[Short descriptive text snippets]
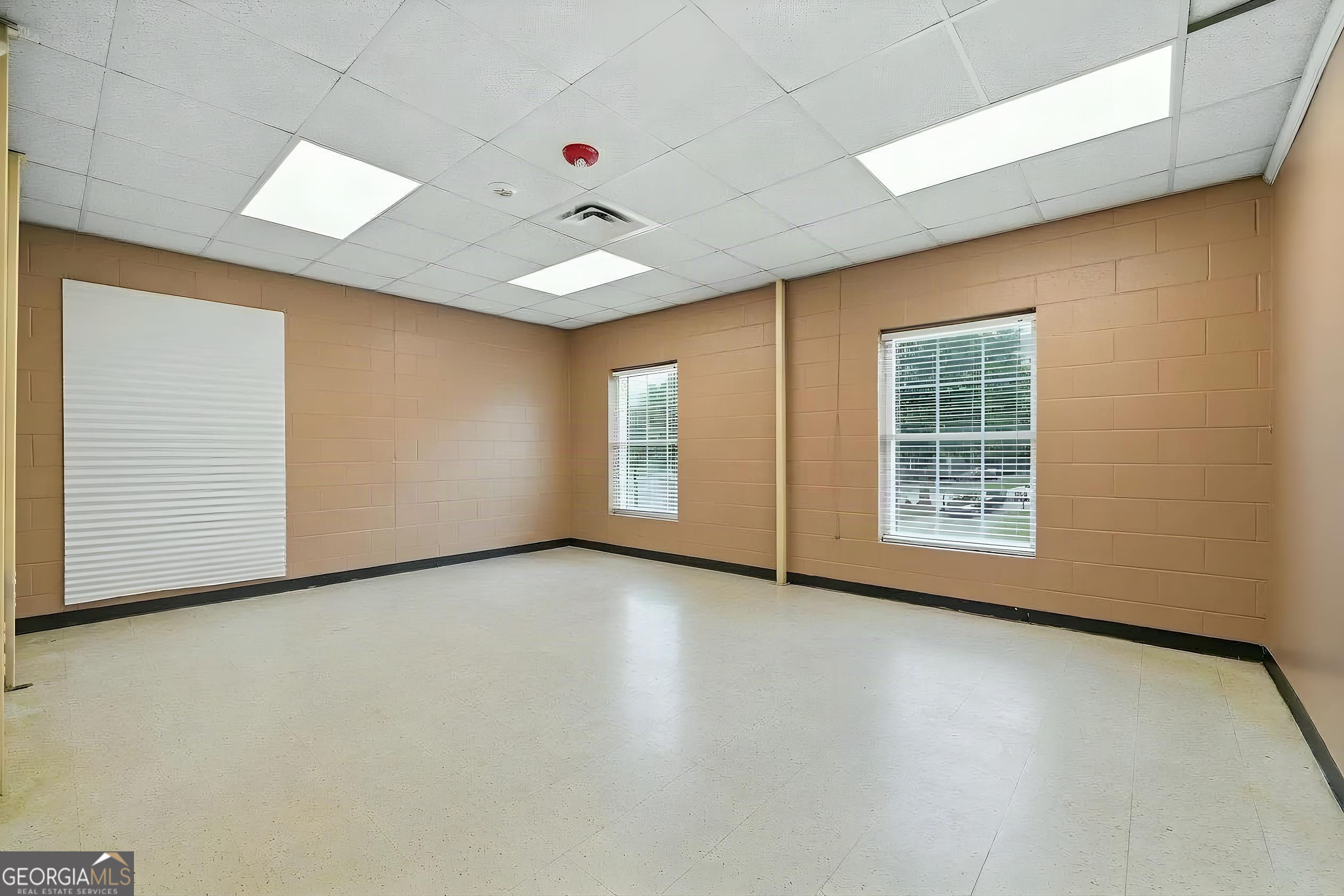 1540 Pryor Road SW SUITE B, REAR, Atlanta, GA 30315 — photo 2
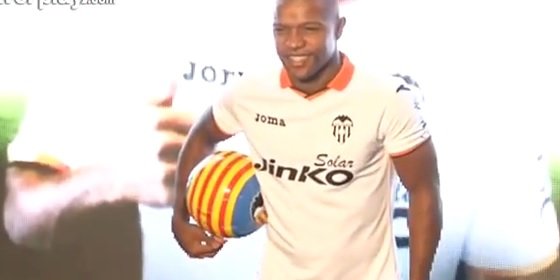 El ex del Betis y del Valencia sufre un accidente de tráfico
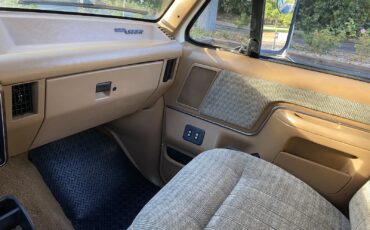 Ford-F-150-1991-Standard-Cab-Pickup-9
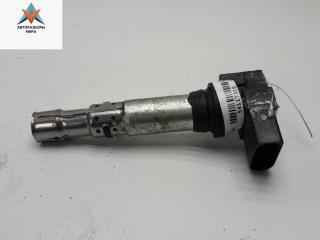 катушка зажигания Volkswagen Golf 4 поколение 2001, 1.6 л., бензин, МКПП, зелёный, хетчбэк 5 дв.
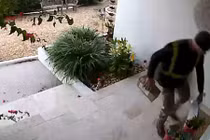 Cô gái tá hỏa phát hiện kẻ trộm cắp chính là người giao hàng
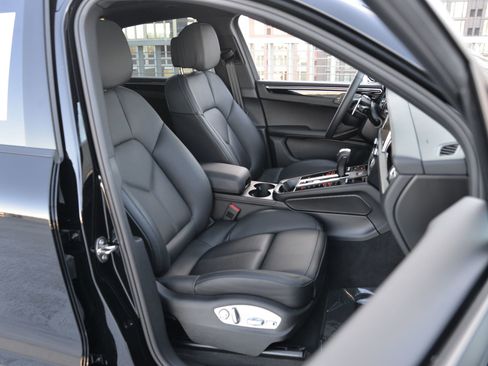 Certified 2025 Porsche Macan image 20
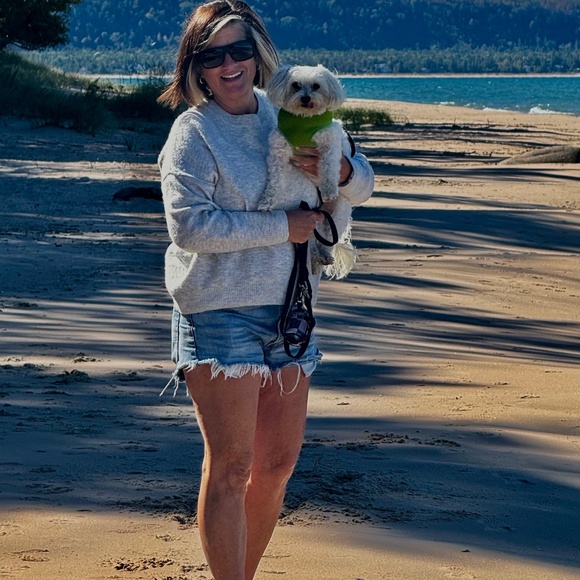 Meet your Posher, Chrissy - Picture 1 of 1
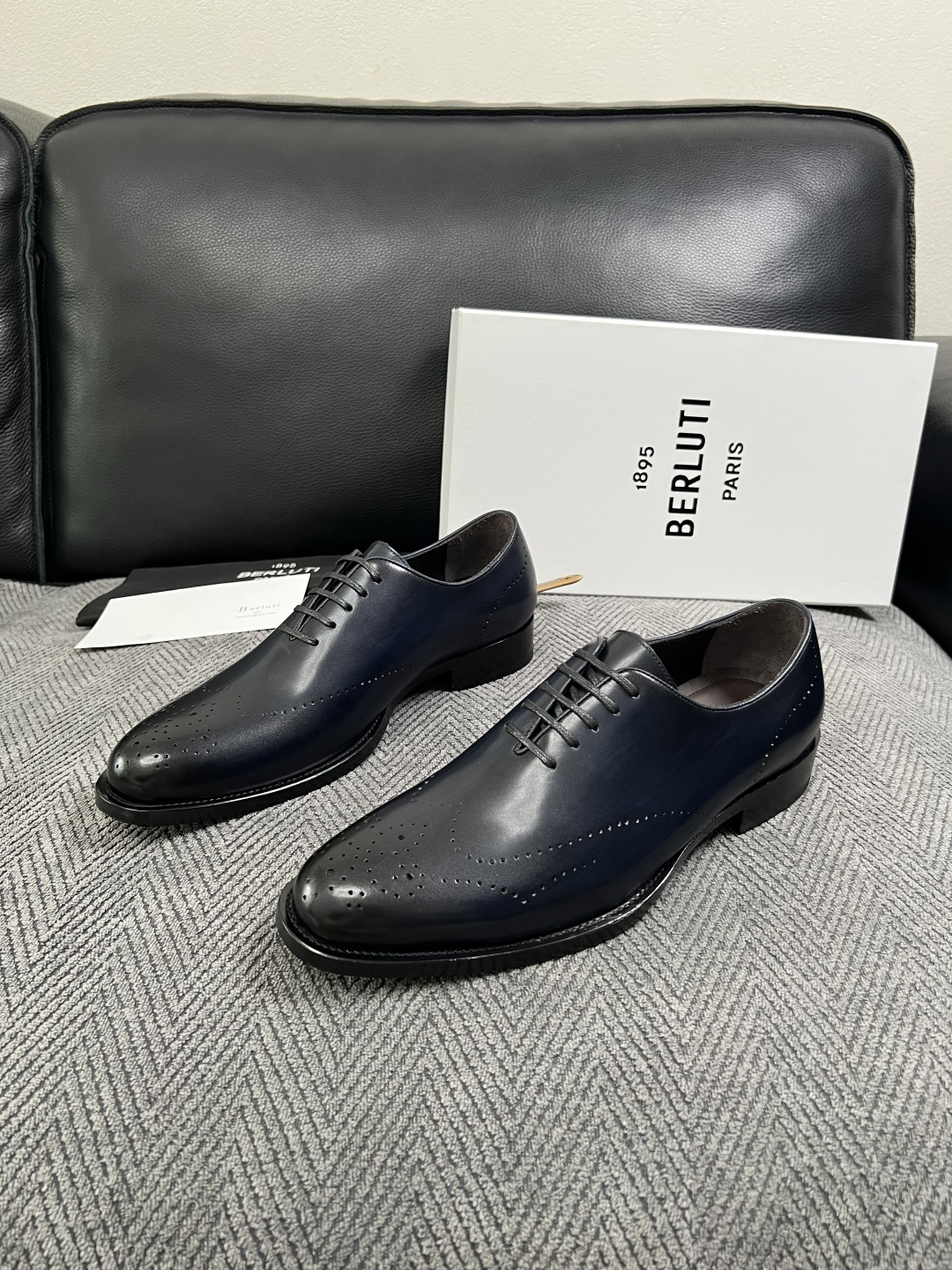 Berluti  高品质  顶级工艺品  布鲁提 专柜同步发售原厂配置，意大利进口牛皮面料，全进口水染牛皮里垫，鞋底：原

The task: Start with the first line of the records above and end with the line containing "Certified 2025 Porsche Macan image 20". Output those lines exactly, pictures excluded.

Task solution:
 1540 Pryor Road SW SUITE B, REAR, Atlanta, GA 30315 — photo 2
 El ex del Betis y del Valencia sufre un accidente de tráfico
 Ford-F-150-1991-Standard-Cab-Pickup-9
 катушка зажигания Volkswagen Golf 4 поколение 2001, 1.6 л., бензин, МКПП, зелёный, хетчбэк 5 дв.
 Cô gái tá hỏa phát hiện kẻ trộm cắp chính là người giao hàng
 Certified 2025 Porsche Macan image 20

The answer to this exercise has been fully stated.